Я кивнула, воздух вырвался из груди от очередного всхлипа. — Он настаивал на консуммации брака. — Я слышала, как дрожит мой голос, но смогла сказать всё до конца. — Он сказал, что имеет право…
Тишина в комнате стала такой тяжёлой, что слышался только храп Макса. Неш сделал шаг вперёд, и в нём вдруг проснулся зверь. Он подошёл ко мне, схватил за плечи так, что пальцы врезались в ткань, и глаза его горели уже не холодом, а яростью.
— Ты слышишь, малышка? — прошипел он. — Никому не позволю так с тобой обращаться. Он поплатиться за то, что прикоснулся к моей жене.
Я увидела, как в лице у него меняются тени: от ярости до хищной сосредоточенности. Он не бросился мстить прямо сейчас — вместо этого в нём проснулся холодный расчёт. Я смотрела на него — на ту бурю, что таилась за рассудком. Было страшно и странно утешительно одновременно: этот человек, который так презирал свет, в этот момент был моей защитой. Он прижался лбом к моему плечу, и рука его, дрожа, обвила меня; но в пальцах всё ещё жгла сила. — Я рядом, — прошептал он. — Никто больше не посмеет так с тобой обращаться. Я прослежу, чтобы он пожалел о своих словах.

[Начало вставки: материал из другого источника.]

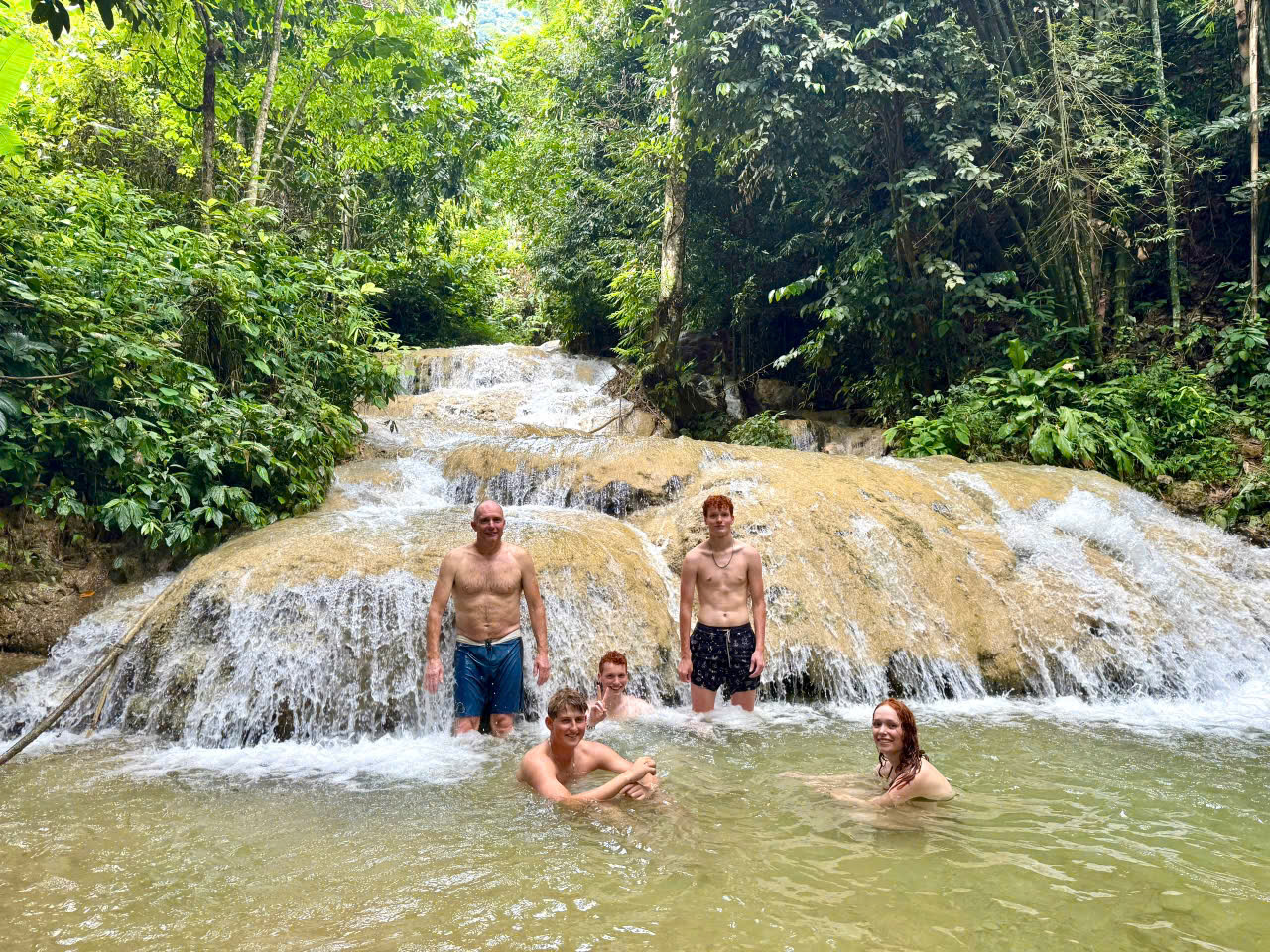 Mai Chau - Pu Luong - Ninh Binh 3D2N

Я вздрогнула и почувствовала, как слёзы снова собираются. Неш сжал меня крепче, и в этом жесте было больше обещания, чем слов. Я не успела ничего сказать, как Неш вдруг снова оказался рядом. Его ладони легли на мои щёки, горячие и твёрдые, и он накрыл мои губы поцелуем — жадным, без остатка. Я вскрикнула от неожиданности, но он не отстранился.
В его поцелуях было что-то дикое, властное. Словно он вырывал из меня каждую тень чужого прикосновения, смывал, сжигал, гнал прочь. Я пыталась протестовать — но едва ли это был протест. Он не дал мне вымолвить ни слова, перехватывал дыхание снова и снова, пока я не перестала бороться.
— Ты моя, — шепнул он, опуская поцелуи на мою шею. — Никто не имеет права касаться тебя. Никто.
Его губы жгли кожу под подбородком, скользили по ключице, будто оставляя метку поверх метки. Я задрожала, прижимаясь к нему, а внутри было странное смешение — страх и утешение, горечь и сладость.
— Я сотру всё, — голос его был низким, глухим, и каждый раз, когда он целовал моё плечо или ладонь, мне казалось, что он действительно стирает. — Сотру его поцелуй, его взгляд, его мерзкие слова. Ты не его.
Его губы спускались всё ниже — на запястья, на пальцы, которыми я оттолкнула стража. Он целовал каждую косточку, пока дыхание моё не сбивалось окончательно.
Я обняла его за шею, сама не понимая, ищу ли защиты или отдаюсь его ярости. А он только прижал меня крепче, снова врезался в губы и пил меня до дна.
— Моя жена, — выдохнул он, и в глазах его полыхало обещание, которое он мне дал. Не знаю, что ждало стража, но он этого заслуживал.